**To do:** All lines holding the word "Cotton" are to be copied from the records beneath.

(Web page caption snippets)
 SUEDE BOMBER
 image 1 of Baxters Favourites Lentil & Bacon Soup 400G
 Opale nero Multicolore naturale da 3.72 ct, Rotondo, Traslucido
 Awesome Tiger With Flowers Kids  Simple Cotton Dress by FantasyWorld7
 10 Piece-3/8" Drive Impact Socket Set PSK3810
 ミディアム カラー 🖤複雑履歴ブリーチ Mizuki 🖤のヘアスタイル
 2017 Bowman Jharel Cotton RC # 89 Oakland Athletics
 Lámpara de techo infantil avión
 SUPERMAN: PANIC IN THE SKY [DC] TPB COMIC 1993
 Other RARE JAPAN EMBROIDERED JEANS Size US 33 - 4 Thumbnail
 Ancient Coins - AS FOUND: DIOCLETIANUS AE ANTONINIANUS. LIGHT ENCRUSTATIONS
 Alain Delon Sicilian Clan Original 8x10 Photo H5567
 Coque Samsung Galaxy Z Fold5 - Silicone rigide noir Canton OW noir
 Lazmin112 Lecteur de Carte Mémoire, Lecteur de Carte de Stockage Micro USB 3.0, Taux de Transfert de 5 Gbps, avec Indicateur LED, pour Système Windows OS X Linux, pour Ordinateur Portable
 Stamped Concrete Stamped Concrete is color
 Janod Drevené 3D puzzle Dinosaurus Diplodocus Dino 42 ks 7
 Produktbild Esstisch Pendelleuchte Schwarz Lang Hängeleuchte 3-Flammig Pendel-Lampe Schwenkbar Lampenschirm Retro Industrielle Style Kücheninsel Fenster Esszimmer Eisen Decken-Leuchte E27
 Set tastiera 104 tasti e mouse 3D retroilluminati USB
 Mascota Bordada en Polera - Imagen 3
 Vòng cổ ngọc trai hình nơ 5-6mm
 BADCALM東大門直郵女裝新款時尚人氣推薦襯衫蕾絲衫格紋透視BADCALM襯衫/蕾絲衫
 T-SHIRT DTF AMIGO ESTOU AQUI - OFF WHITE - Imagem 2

**Solution to this exercise:**
 Awesome Tiger With Flowers Kids  Simple Cotton Dress by FantasyWorld7
 2017 Bowman Jharel Cotton RC # 89 Oakland Athletics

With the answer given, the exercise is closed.